Ora le luci dei riflettori si concentrano sui ragazzi copertina di Miami, il giovane fenomeno Dwyane Wade e il colossale cartone animato fattosi uomo Shaquille O’Neal, ma noi vogliamo dare il giusto tributo a un altro giocatore, uno che viene della panchina, anche se non proprio un esponente di quella che nel calcio si usa chiamare classe operaia.
Il nostro unsung hero si chiama Alonzo Mourning, classe 1970, professione centro. Fare il centro nei Miami Heat significa fare il vice-Shaq, ovvero l’ombra della più possente e intimidatoria presenza sotto i tabelloni che si veda da anni. Mourning fece il suo esordio nell’Nba nel 1993, seconda scelta assoluta – proprio dietro a Shaquille O’Neal – e si impose subito come uno dei giocatori più forti e completi nel ruolo, venendo votato come miglior centro esordiente. Il suo anno migliore è stato il ’99, nel quale Mourning è stato votato come miglior difensore e miglior centro della lega. L’anno successivo, arrivava anche l’oro olimpico a Sydney con la squadra americana. Tenuto conto del curriculum, i suoi otto punti, sei rimbalzi e cinque stoppate nella gara decisiva del campionato potrebbero essere visti con qualche sufficienza. Si tratta un ex campione ormai sul viale del tramonto, ma ancora in grado di offrire un po’ di “minuti qualità”. Ma abbiamo tralasciato un dettaglio. Alonzo Mourning ha subito tre anni fa un trapianto di rene. Un trapianto dopo il quale la principale occupazione di Mourning comporta lo sgomitare sotto i tabelloni, spalla a spalla con gente alta due metri e quindici e pesante centrotrenta chili. Un trapianto dopo il quale, a trentasei anni, Alonzo “Zo” Mourning ha concluso la regular season sesto assoluto nella classifica delle stoppate (terzo nelle stoppate per partita), partendo dalla panchina e giocando venti minuti per gara, poco più della metà dei titolari. Non stupisce che i tifosi di Miami vadano in visibilio per lui e gli abbiano affibbiato il soprannome, decisamente appropriato, di Ultimate warrior. Non solo c’è vita dopo il trapianto, c’è anche vittoria.

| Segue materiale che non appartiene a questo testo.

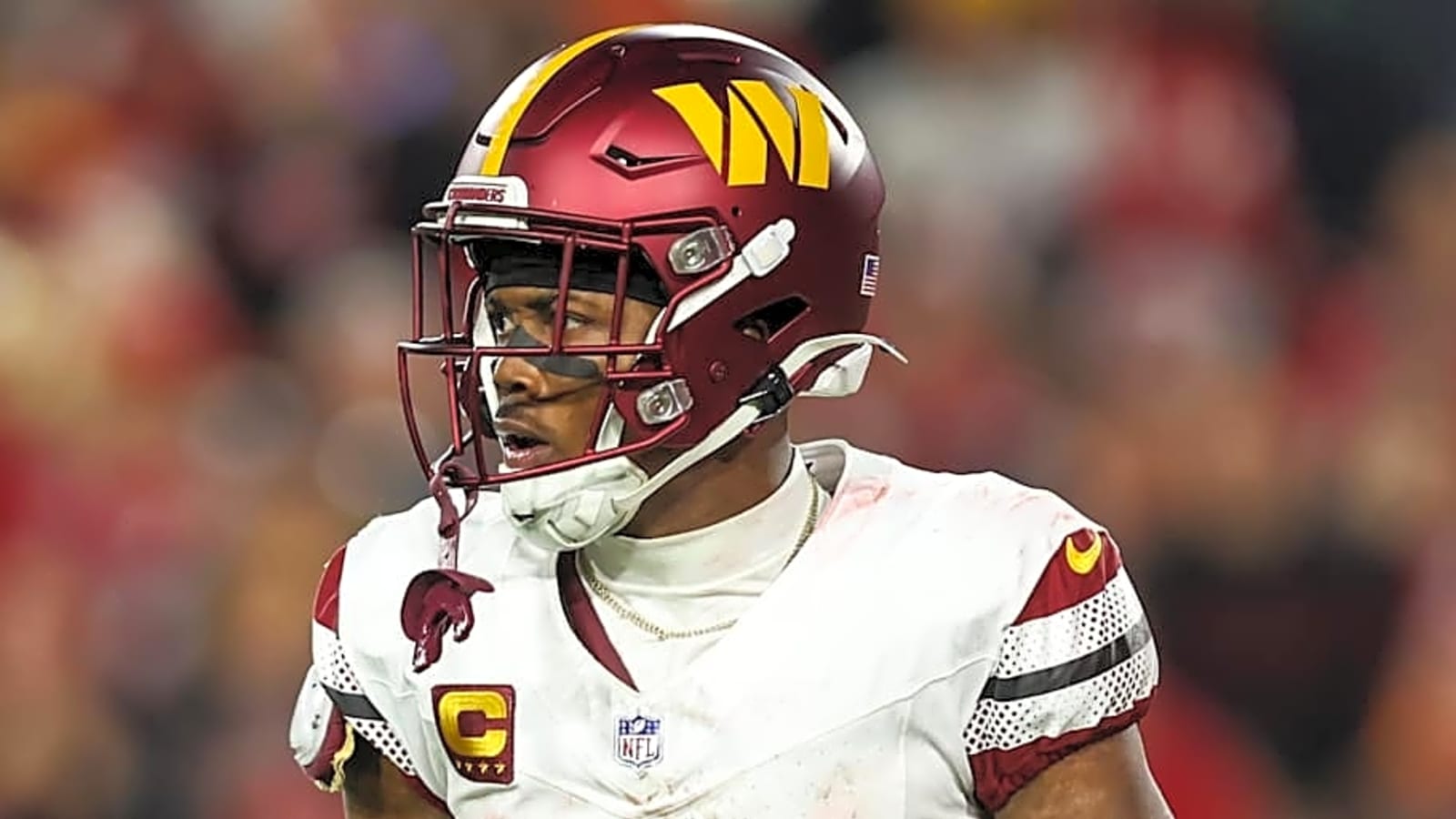 Commanders star rallies behind Terry McLaurin amid ongoing contract drama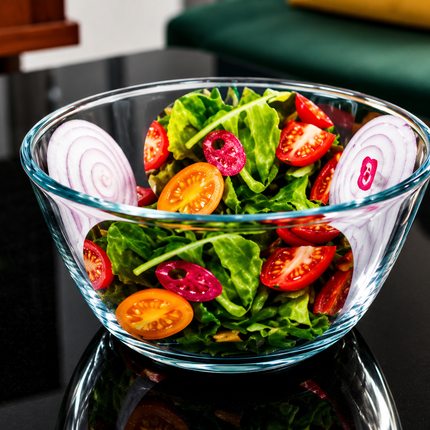 SALAD BOWL WITHOUT LID 2740 ML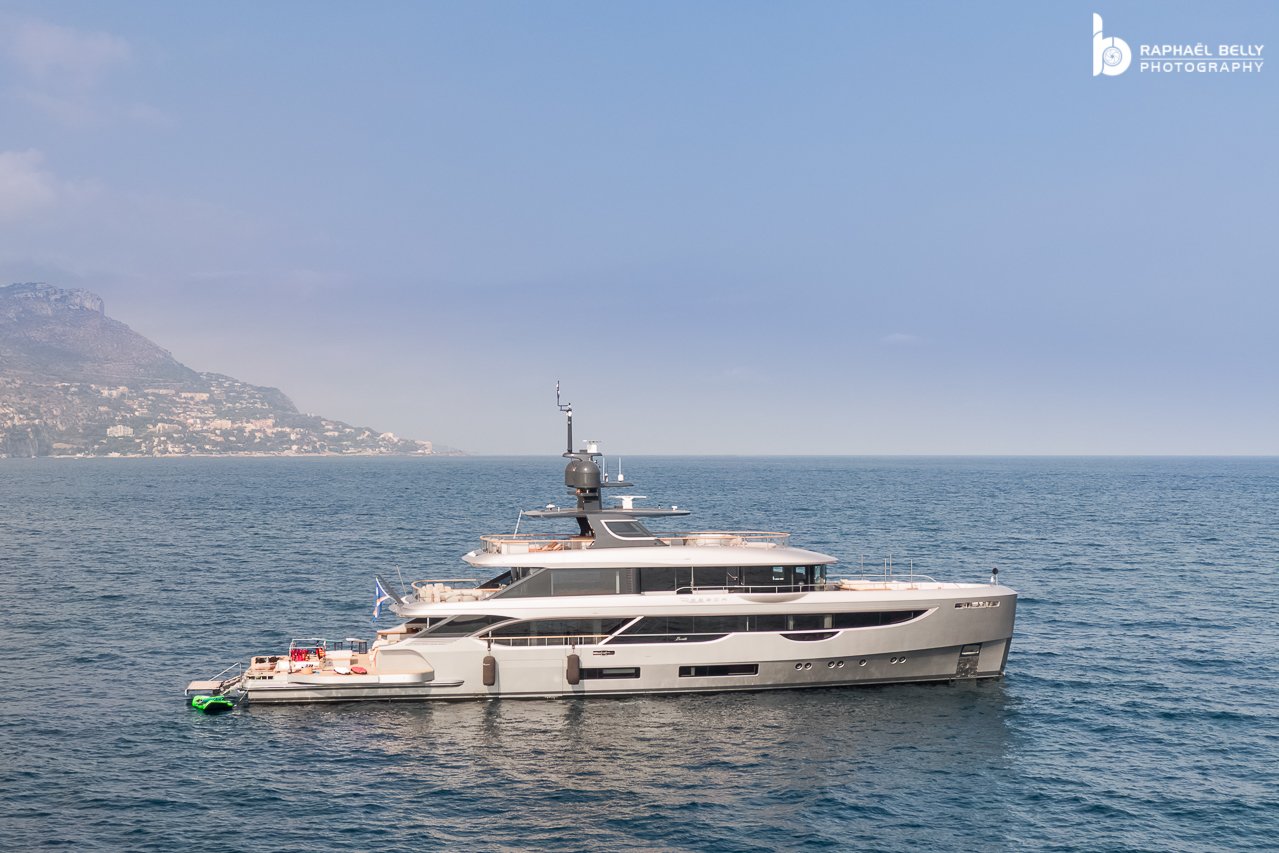 REBECA Yacht - Benetti - 2020 - Propriétaire Tim Ciasulli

Se vi state chiedendo se ci siano altri atleti dotati del medesimo coraggio o della medesima incoscienza, la risposta è a un emisfero di distanza da Miami. Ad Auckland, in Nuova Zelanda, il rugbista Jonah Lomu, già fenomeno mondiale negli anni Novanta, anche lui con un rene trapiantato dal 2004, si sta allenando per il prossimo campionato nazionale, che partirà a fine luglio. Lomu è tornato al rugby giocato giusto un anno fa, in un match esibizione nel quale ha segnato una meta e si è fratturato una spalla, quando si dice rientrare nel vivo del gioco. In seguito ha disputato una stagione in Galles, a Cardiff, dove si è nuovamente infortunato, questa volta alla caviglia, e adesso sta cercando di ritrovare la forma per il campionato neozelandese che affronterà col North Harbour. L’obiettivo di Lomu è molto ambizioso: un posto tra gli All Blacks che disputeranno la prossima Coppa del mondo. Ha poco più di un anno per realizzarlo, ma può essere ottimista. Di spalle e caviglie rotte sono piene le carriere di moltissimi rugbisti. E poi c’è quella storia di cui hanno parlato i giornali, quel Mourning, in America. Se c’è riuscito lui.